=== The records ===

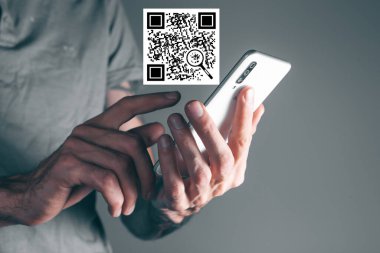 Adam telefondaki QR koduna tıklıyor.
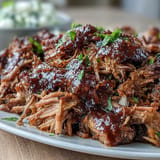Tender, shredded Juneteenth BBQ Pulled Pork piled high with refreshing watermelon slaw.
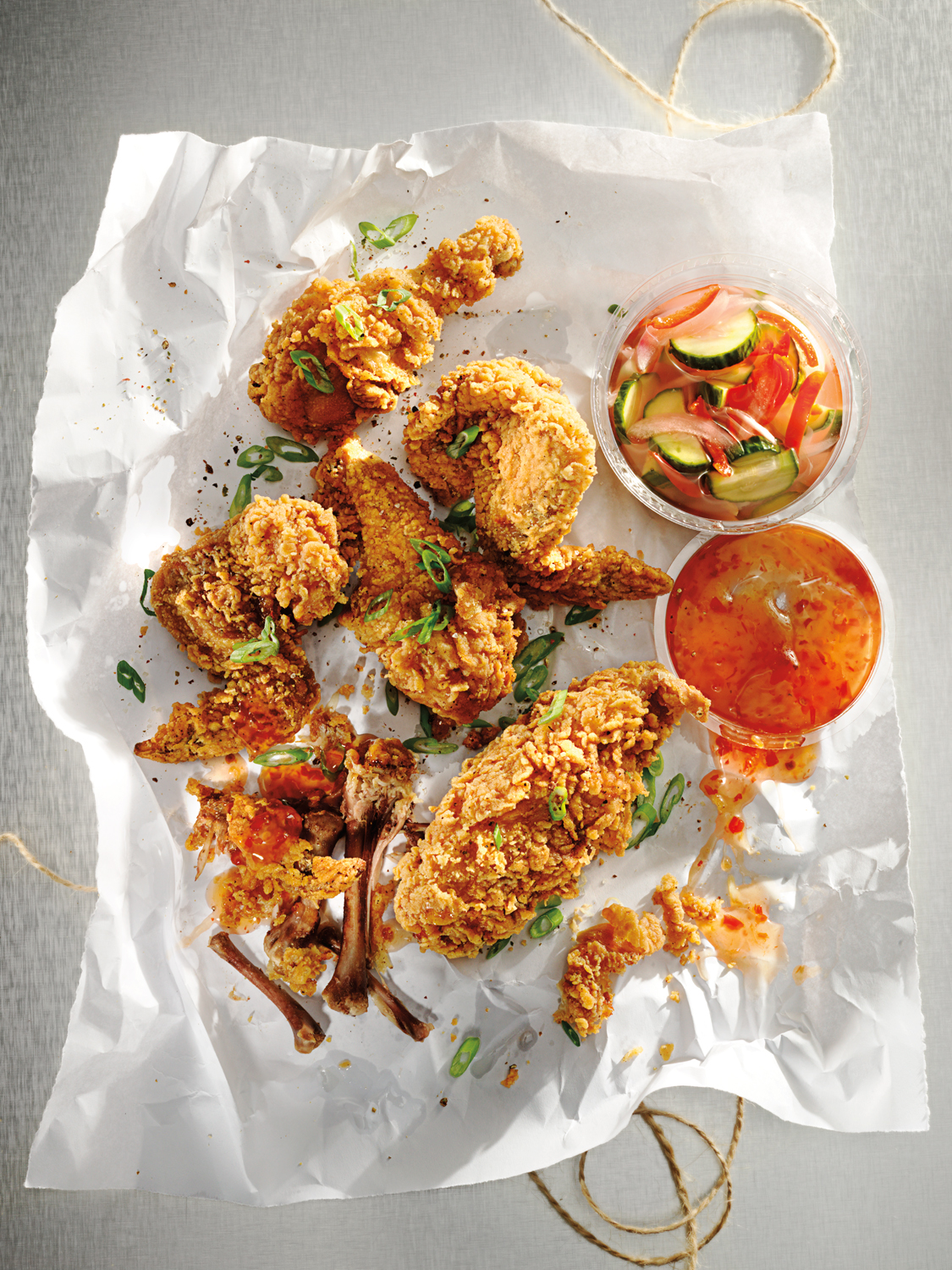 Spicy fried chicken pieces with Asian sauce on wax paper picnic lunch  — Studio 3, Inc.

===
=== The records ===

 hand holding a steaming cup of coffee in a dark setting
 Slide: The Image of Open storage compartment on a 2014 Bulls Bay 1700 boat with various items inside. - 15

===
=== The records ===

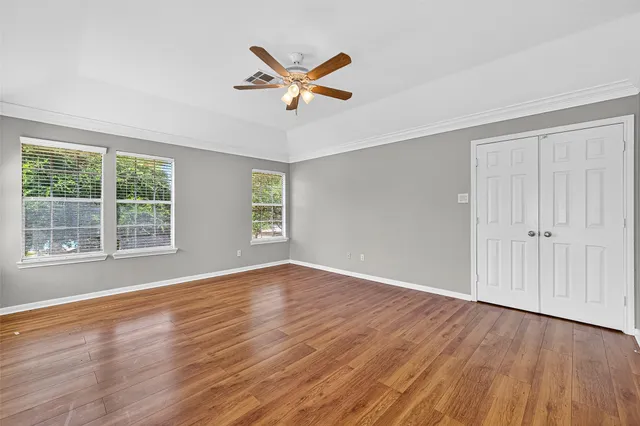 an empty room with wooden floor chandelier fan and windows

===

• _Activity_
Could you output exactly the lines above, from the line with "Adam telefondaki QR koduna tıklıyor." up to and including the line with "Spicy fried chicken", and nothing else, skipping the pictures?

• _The completed task_
 Adam telefondaki QR koduna tıklıyor.
Tender, shredded Juneteenth BBQ Pulled Pork piled high with refreshing watermelon slaw.
 Spicy fried chicken pieces with Asian sauce on wax paper picnic lunch  — Studio 3, Inc.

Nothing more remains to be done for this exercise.